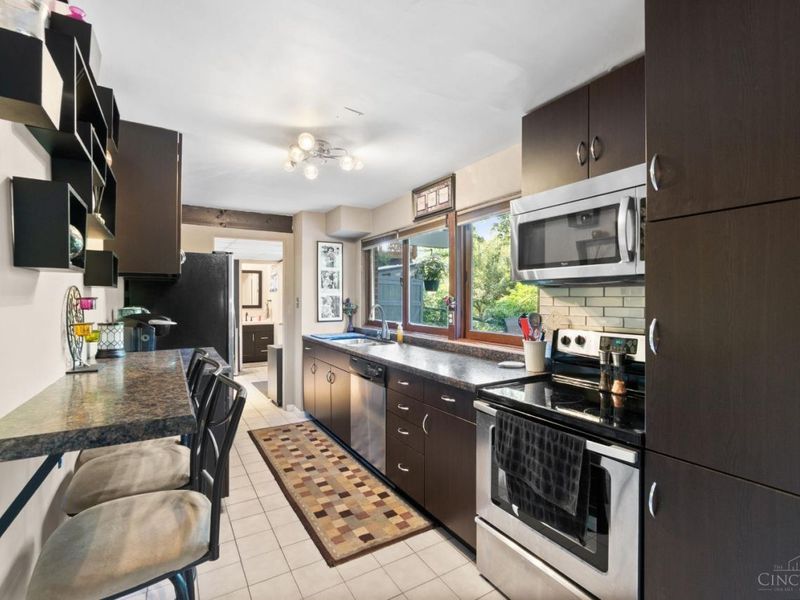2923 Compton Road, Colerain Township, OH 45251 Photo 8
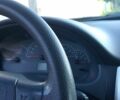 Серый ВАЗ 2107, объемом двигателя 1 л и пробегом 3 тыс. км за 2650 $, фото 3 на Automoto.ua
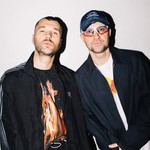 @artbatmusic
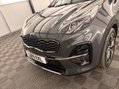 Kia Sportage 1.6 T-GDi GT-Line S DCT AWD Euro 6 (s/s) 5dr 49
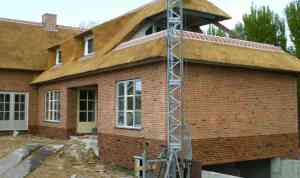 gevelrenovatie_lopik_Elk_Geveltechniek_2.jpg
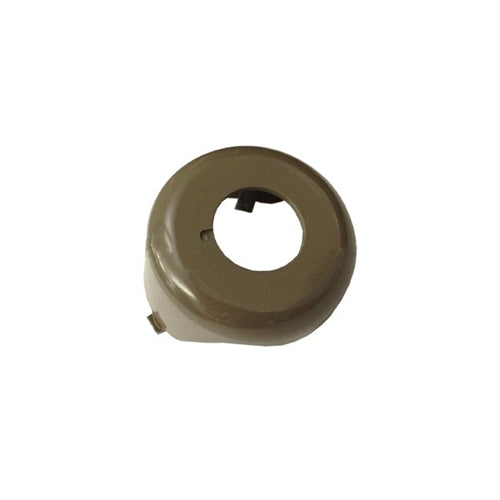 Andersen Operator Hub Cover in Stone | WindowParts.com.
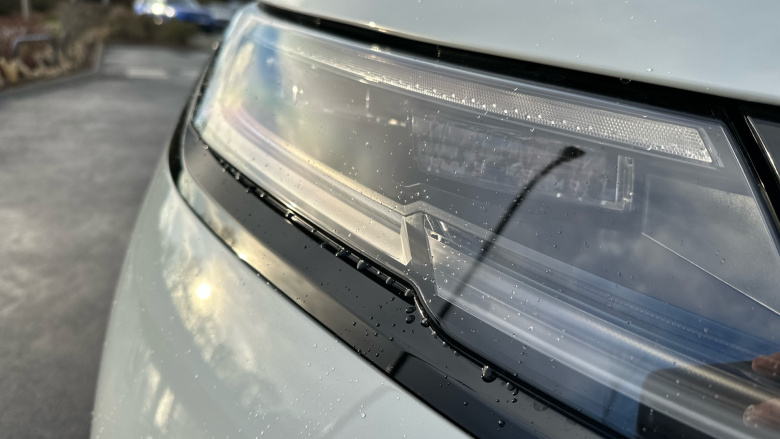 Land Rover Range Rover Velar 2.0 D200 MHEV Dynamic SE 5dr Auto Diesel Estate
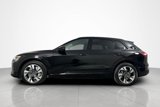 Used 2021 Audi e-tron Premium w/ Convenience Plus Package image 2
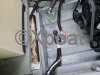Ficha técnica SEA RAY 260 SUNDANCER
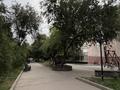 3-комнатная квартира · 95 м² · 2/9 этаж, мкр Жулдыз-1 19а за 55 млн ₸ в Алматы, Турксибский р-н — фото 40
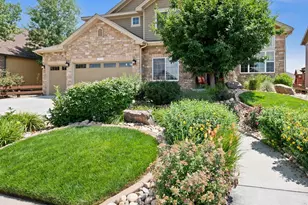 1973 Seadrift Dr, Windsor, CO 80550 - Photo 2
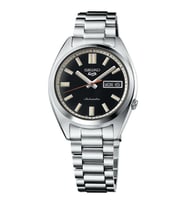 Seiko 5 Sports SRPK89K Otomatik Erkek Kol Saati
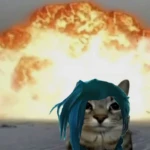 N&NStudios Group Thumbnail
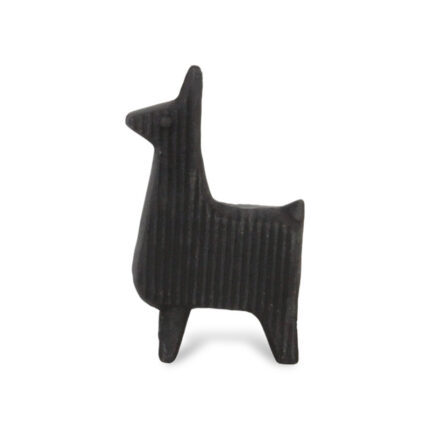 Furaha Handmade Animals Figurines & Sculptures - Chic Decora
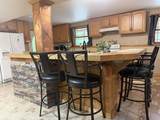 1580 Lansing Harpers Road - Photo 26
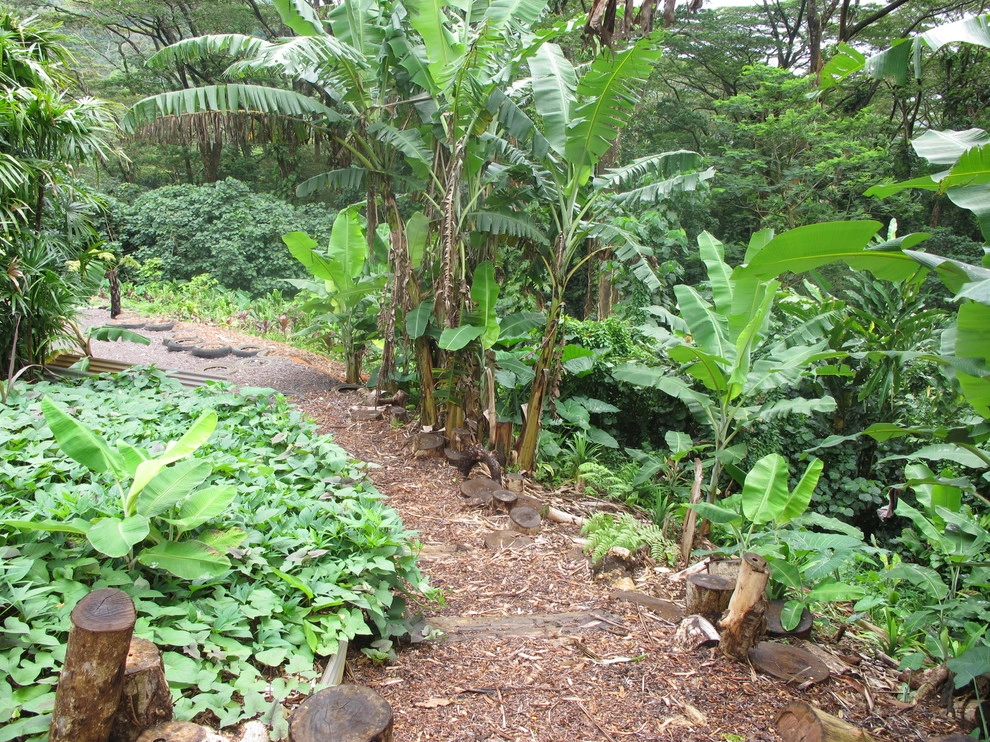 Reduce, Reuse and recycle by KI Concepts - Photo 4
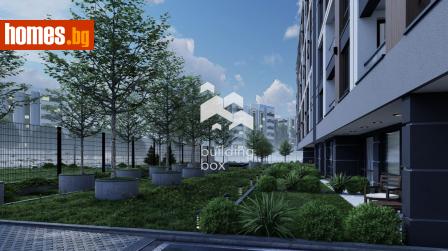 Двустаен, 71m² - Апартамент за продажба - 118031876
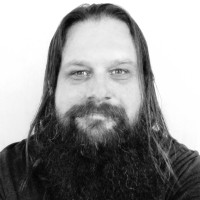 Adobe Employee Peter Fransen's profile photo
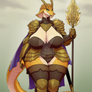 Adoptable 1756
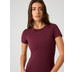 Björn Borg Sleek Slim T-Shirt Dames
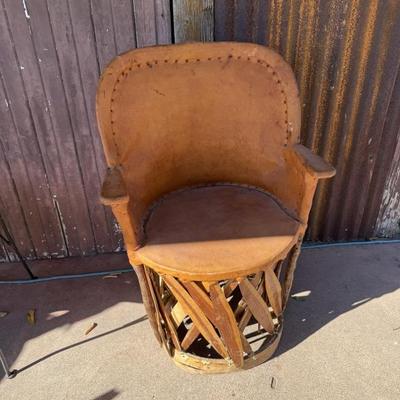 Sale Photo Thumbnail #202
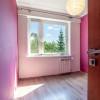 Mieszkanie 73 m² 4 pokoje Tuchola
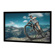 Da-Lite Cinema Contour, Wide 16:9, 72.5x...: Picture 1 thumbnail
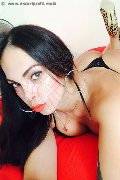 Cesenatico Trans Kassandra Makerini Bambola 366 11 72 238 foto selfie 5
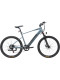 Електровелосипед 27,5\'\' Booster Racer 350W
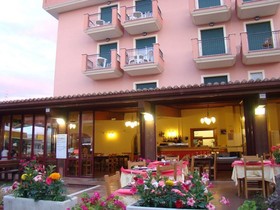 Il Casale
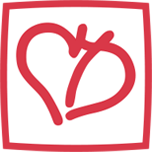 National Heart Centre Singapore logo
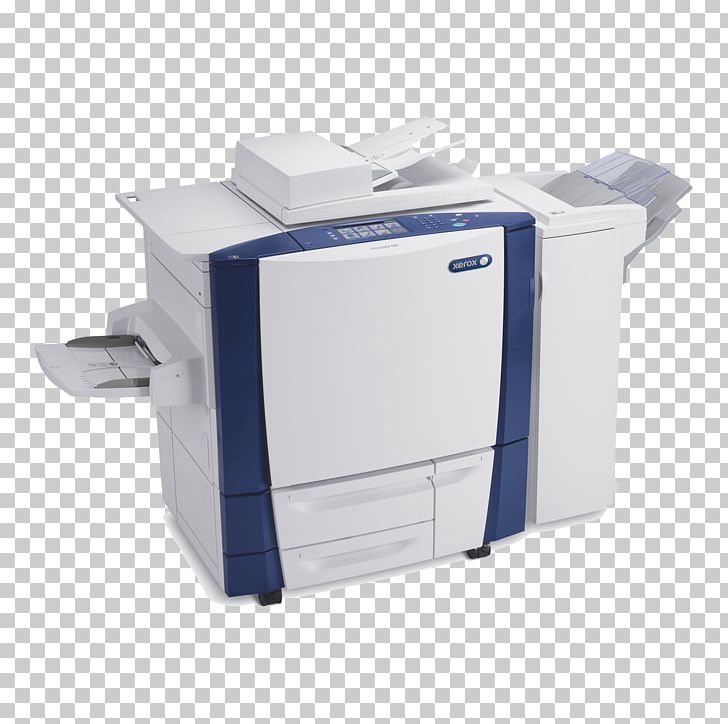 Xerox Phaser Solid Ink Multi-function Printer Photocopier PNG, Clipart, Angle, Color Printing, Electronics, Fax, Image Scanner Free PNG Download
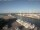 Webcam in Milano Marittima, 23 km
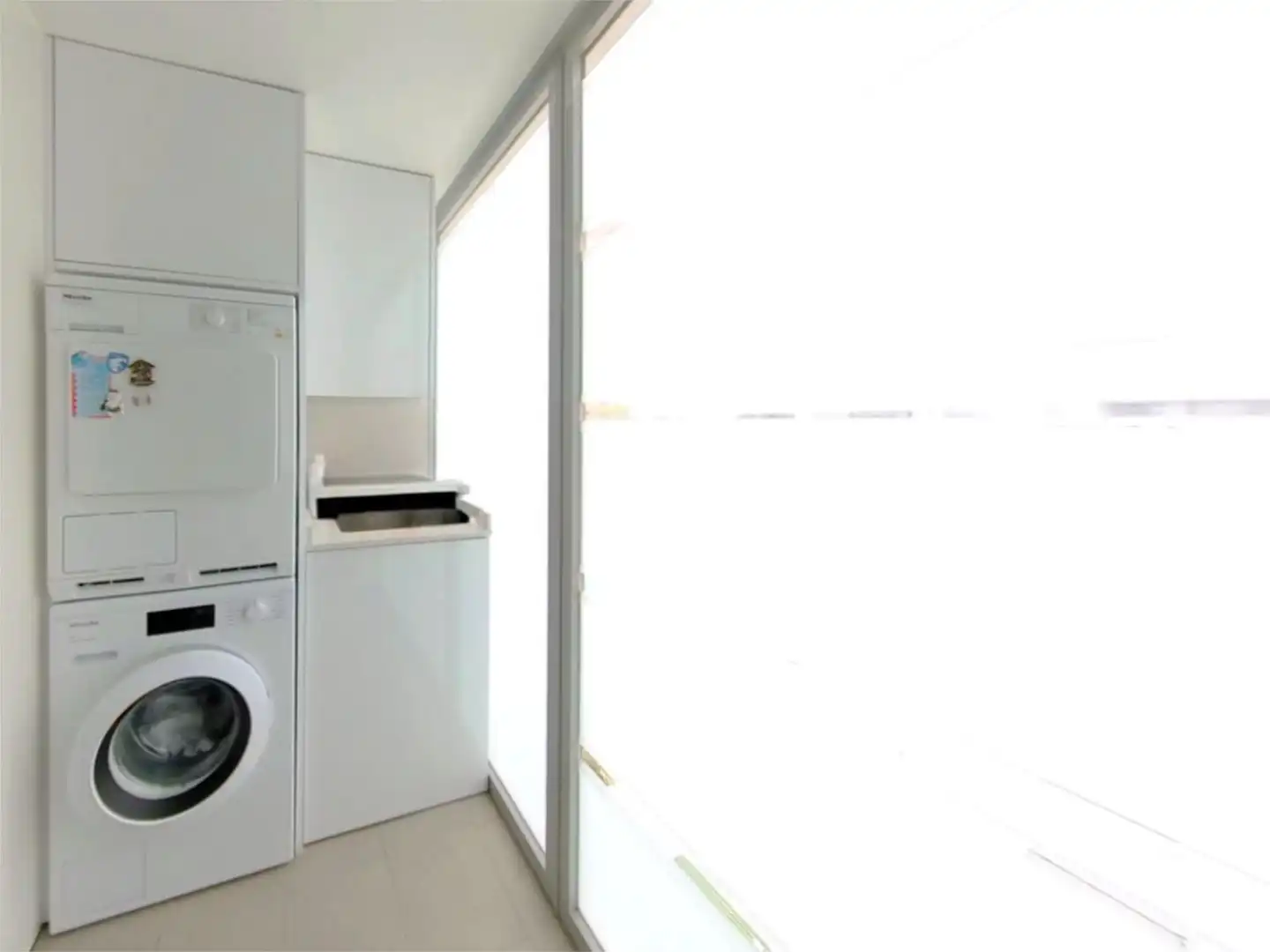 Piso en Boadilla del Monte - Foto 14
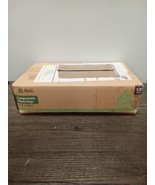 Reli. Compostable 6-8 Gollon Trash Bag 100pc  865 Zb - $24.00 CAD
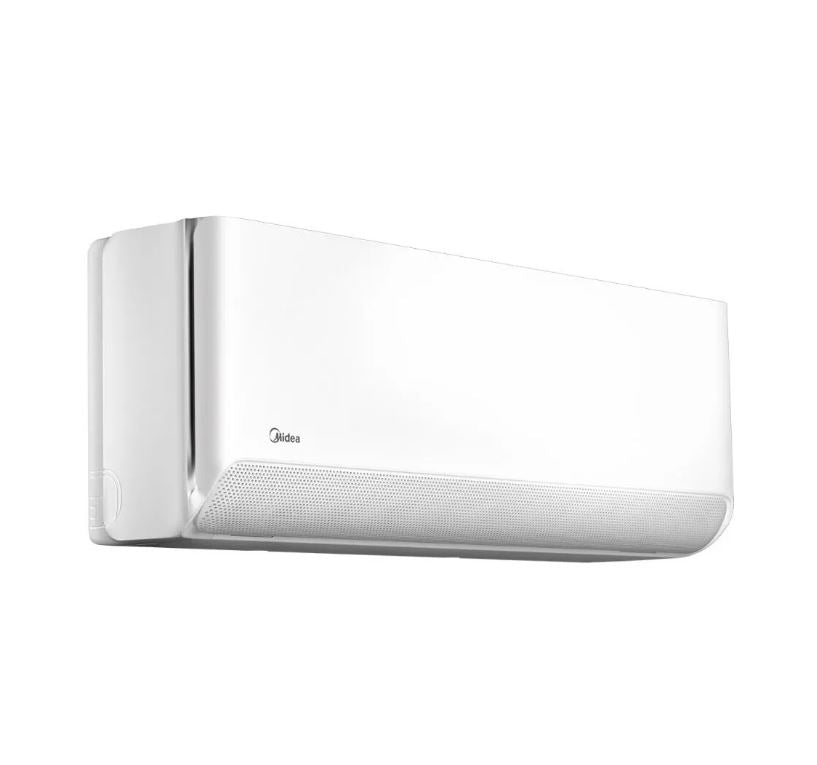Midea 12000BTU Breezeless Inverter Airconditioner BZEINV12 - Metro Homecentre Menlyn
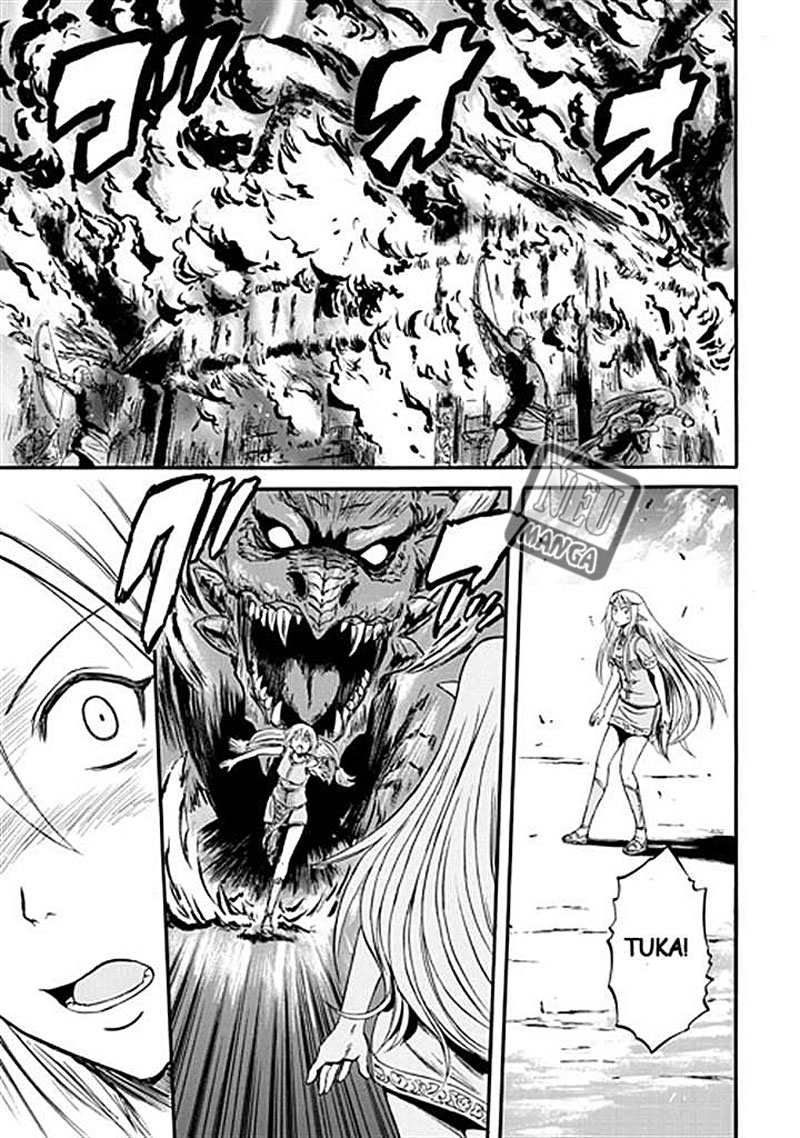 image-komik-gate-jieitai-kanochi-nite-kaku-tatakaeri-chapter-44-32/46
━━━━━━━━━━━━━━━━━━━━━━━━━━━━━━
### BRIEF
The material above holds pictures; leave them out. Repeat exactly the lines from the one containing "Двустаен, 71m² - Апартамент" through the one containing "National Heart Centre Singapore logo", and nothing else.

### ANSWER
 Двустаен, 71m² - Апартамент за продажба - 118031876
 Adobe Employee Peter Fransen's profile photo
 Adoptable 1756
 Björn Borg Sleek Slim T-Shirt Dames
 Sale Photo Thumbnail #202
 Mieszkanie 73 m² 4 pokoje Tuchola
 Da-Lite Cinema Contour, Wide 16:9, 72.5x...: Picture 1 thumbnail
 Cesenatico Trans Kassandra Makerini Bambola 366 11 72 238 foto selfie 5
 Електровелосипед 27,5\'\' Booster Racer 350W
 Il Casale
 National Heart Centre Singapore logo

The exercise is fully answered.